Liver Transplantation Unit, Hospital Universitario Reina Sofía, Ciberhed, Maimonides Biomedical Research Institute of Cordoba - IMIBIC, Cordoba, Spain.
Curr Opin Organ Transplant. 2020 Aug;25(4):406-411. doi: 10.1097/MOT.0000000000000781.
Classifiers based on artificial intelligence can be useful to solve decision problems related to the inclusion or removal of possible liver transplant candidates, and assisting in the heterogeneous field of donor-recipient (D-R) matching.
Artificial intelligence models can show a great advantage by being able to handle a multitude of variables, be objective and help in cases of similar probabilities. In the field of liver transplantation, the most commonly used classifiers have been artificial neural networks (ANNs) and random forest classifiers. ANNs are excellent tools for finding patterns which are far too complex for a clinician and are capable of generating near-perfect predictions on the data on which they are fit, yielding excellent prediction capabilities reaching 95% for 3 months graft survival. On the other hand, RF can overcome ANNs in some of their limitations, mainly because of the lack of information on the variables they provide. Random forest algorithms may allow for improved confidence with the use of marginal organs and better outcome after transplantation.

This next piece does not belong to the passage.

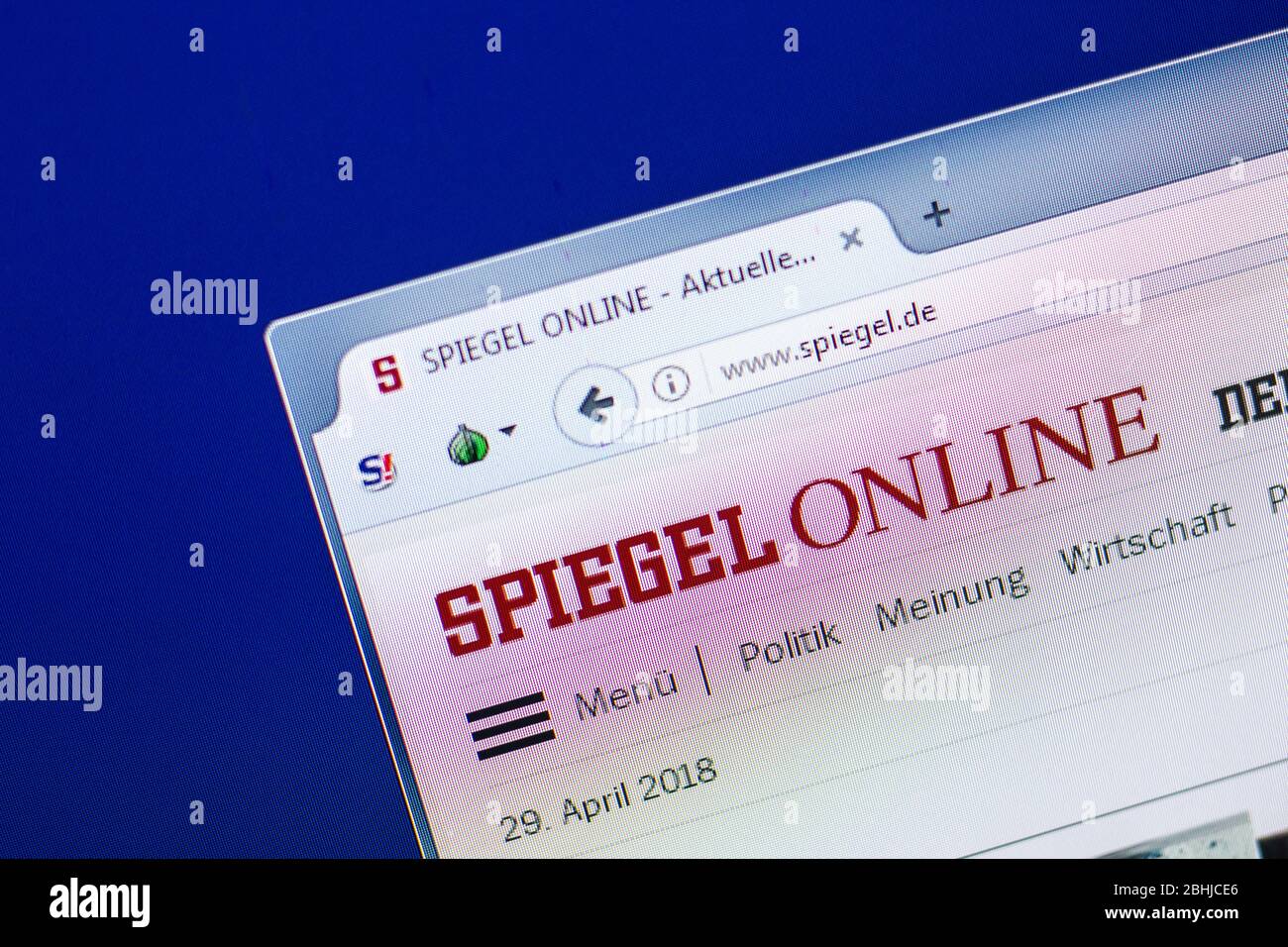 Ryazan, Rusia - 29 de abril de 2018: Página de Spiegel en la pantalla de PC, URL - Spiegel.de. Foto de stock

ANNs and random forest can handle a multitude of structured and unstructured parameters, and establish non explicit relationships among risk factors of clinical relevance.
基于人工智能的分类器可用于解决与纳入或排除可能的肝移植候选者相关的决策问题,并有助于供体-受者(D-R)匹配的异质领域。
人工智能模型通过能够处理大量变量、具有客观性并在概率相似的情况下提供帮助,可以显示出巨大的优势。在肝移植领域,最常用的分类器是人工神经网络(ANNs)和随机森林分类器。ANNs 是发现对临床医生来说过于复杂的模式的极好工具,并且能够对其拟合的数据生成近乎完美的预测,对 3 个月移植物存活率的预测能力达到 95%。另一方面,随机森林算法可以通过使用边缘器官和移植后更好的结果来克服 ANNs 的一些局限性,主要是由于它们提供的变量信息不足。随机森林算法可以通过使用边缘器官和移植后更好的结果来克服 ANNs 的一些局限性,主要是由于它们提供的变量信息不足。随机森林算法可以通过使用边缘器官和移植后更好的结果来克服 ANNs 的一些局限性,主要是由于它们提供的变量信息不足。随机森林算法可以通过使用边缘器官和移植后更好的结果来克服 ANNs 的一些局限性,主要是由于它们提供的变量信息不足。随机森林算法可能允许使用边缘器官,并改善移植后的结果,从而提高信心。
人工神经网络和随机森林可以处理大量的结构化和非结构化参数,并建立临床相关风险因素之间的非显式关系。